In another situation, the same group might encounter a battleship. Instead of abandoning the engagement, two pilots could temporarily switch to electronic warfare configurations to control the target and prevent damage application.
The result would not be a stronger frigate, but a more adaptable one. Its value would come from giving small groups and independent pilots more options when operating far from stations, fitting services, and resupply points.
Bringing the Concept to Life
Following the existing Tech III tradition, I would expect four variants based on the major empire factions. The Caldari version was the first one I sketched and modeled. For whatever reason, when I started thinking about the concept, the clean and functional Caldari design language immediately came to mind.

Name: Kría (Arctic tern, Sterna paradisaea).
The most distinctive feature is the set of modular sections mounted along the sides & underside of the hull. These act somewhat like a revolver cylinder, allowing the ship to rotate entire section packages into position. Rather than swapping individual modules, the frigate effectively exchanges complete role sections, gaining access to different bonuses and slot layouts.

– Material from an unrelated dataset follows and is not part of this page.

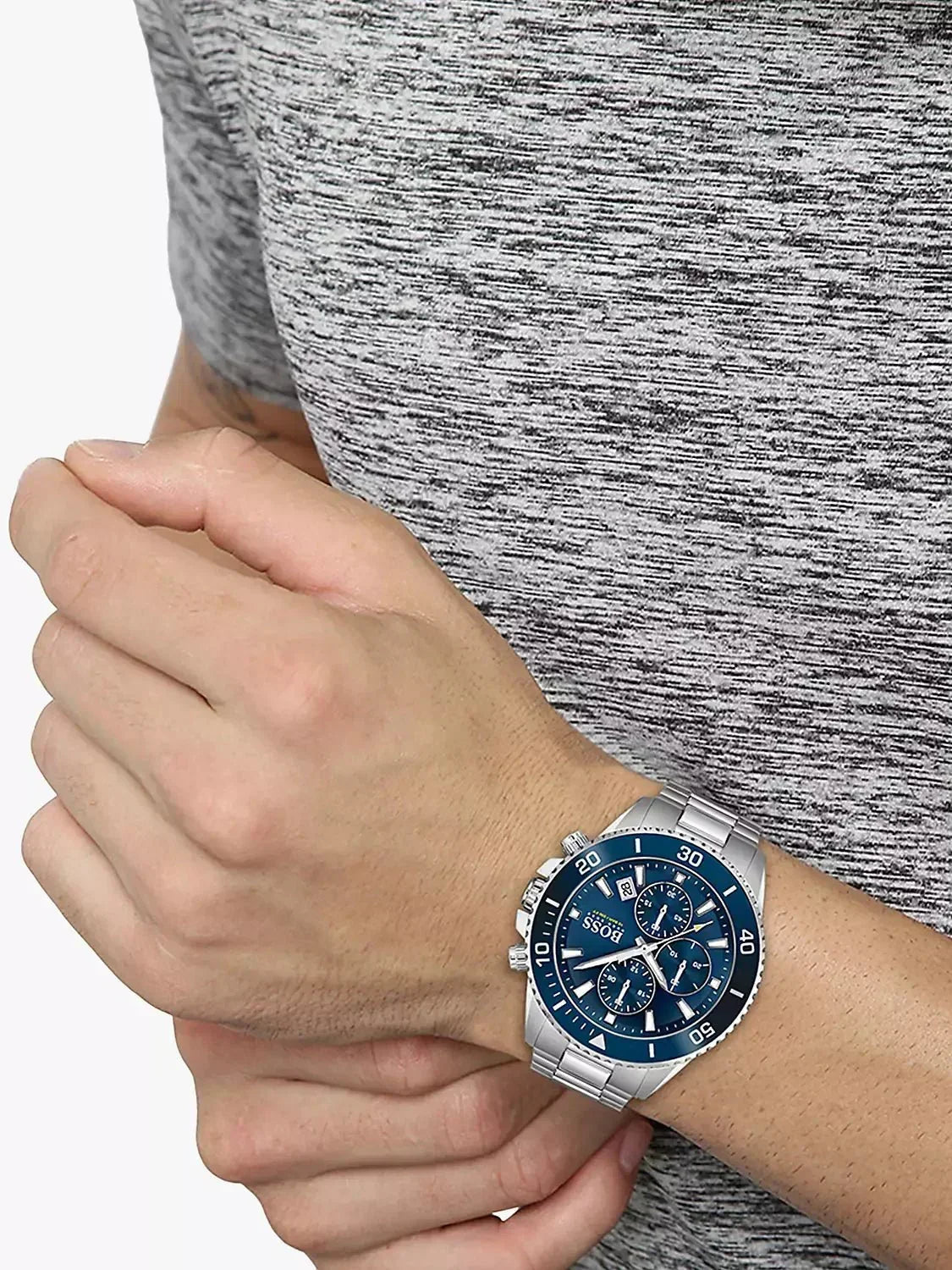 Hugo Boss Admiral Chronograph Blue Dial Silver Steel Strap Watch for Men - 1513907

To better visualize the idea, I also created a rough 3D model and printed an early prototype. The print itself is fairly crude. I was running low on filament and had to scale the model down significantly, which made many of the details difficult to see.


At this stage, I deliberately avoided defining exact statistics, slot layouts, or ship bonuses. Those numbers would ultimately depend on balancing and testing. My expectation is that the base hull would sit somewhere around the power level of pirate frigates, while most of its flexibility and specialization would come from the swappable role sections which act as a modifiers to a key-to-role stats.
This approach would allow each role package to be balanced independently. Instead of introducing an overly powerful hull and trying to tune it afterward, Fenris could adjust the effectiveness of individual configurations while keeping the core platform relatively stable.
Food for Thought
This concept is far from complete. The goal was never to design a ship ready for implementation, but to explore what a Tech III frigate could look like and what niche it could occupy within EVE Online.
Frigates already form the backbone of many activities across New Eden, yet they remain highly specialized tools. With only a handful of slots available, most frigates are effectively committed to a single purpose the moment they undock.
The concept of swappable sections emerged from that limitation. Instead of simply adding more slots or creating a stronger hull, the ship would carry alternative role-specific configurations and bring them online when conditions allow. In exchange, the pilot would accept additional complexity, higher training requirements, and the risk of losing several fittings packaged inside a single hull.
What makes the idea interesting to me is that it approaches Tech III frigates from a different angle. Rather than chasing more damage, stronger tanks, or better bonuses, it focuses on flexibility and adaptation.
Of course, this is only one possible direction. There are countless ways a Tech III frigate could be designed, and many reasons why this particular concept might not work at all.
So I’m curious: if Tech III frigates were ever introduced, what would you want them to be? Would you focus on adaptability, entirely new mechanics, or something else altogether? Let me know what you’d change, what you’d keep, and what role you think a Tech III frigate should fill in New Eden.